Pitcher Hiroki Kuroda was the Yankees’ best starting pitcher for large chunks of 2012. He was 16-11 with a 3.32 ERA. He’ll be 38 next season but should be offered a one-year deal to return.
But here are five Yankees that won’t be back:
Derek Lowe came to the Yankees in August after the Cleveland Indians released him. For Cleveland, Lowe was awful. He was just 8-10 in 21 starts with a 5.52 ERA and 1.68 WHIP. He walked more guys than he struck out in 119 innings (45-41).
Lowe will be 40 next June 1 and pitched well in relief for the Yankees down the stretch. In 17 appearances over 23.2 innings, Lowe had a 3.04 ERA and 1.26 WHIP with six walks and 14 strikeouts.
He could be a valuable piece in the bullpen.
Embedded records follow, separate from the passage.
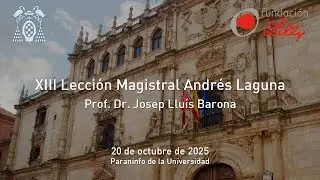 XIII Lecci&oacute;n Magistral Andr&eacute;s Laguna &middot; Prof. Dr. Josep Llu&iacute;s Barona &middot; 20/10/2025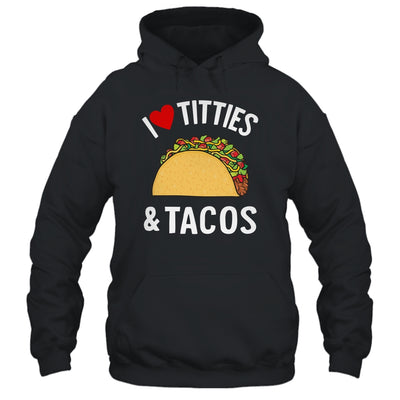 I Love Titties And Tacos Funny Shirt & Tank Top | teecentury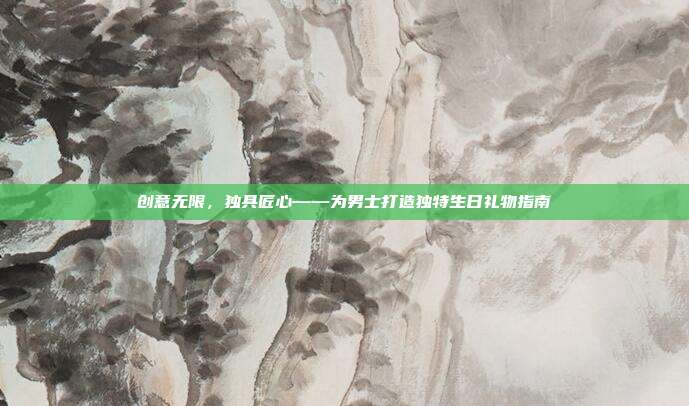 创意无限，独具匠心——为男士打造独特生日礼物指南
However, he has said he wants to start again in 2013, and New York doesn’t have a rotation spot available.
Andruw Jones struggled offensively in 2012. He finished the year with a triple-slash line of .197/.294/.408 with 14 homers and 34 RBI in 233 at-bats.
However, he absolutely vanished in the second half of the season. After the All-Star break, Jones’ numbers plummeted to .142/.256/.255 with three home runs and 12 RBI in 106 at-bats. He played so poorly over the final three months of the season that he was left off the Yankees’ postseason roster.
In fact, he played so badly in the second half that Jones agreed with the decision.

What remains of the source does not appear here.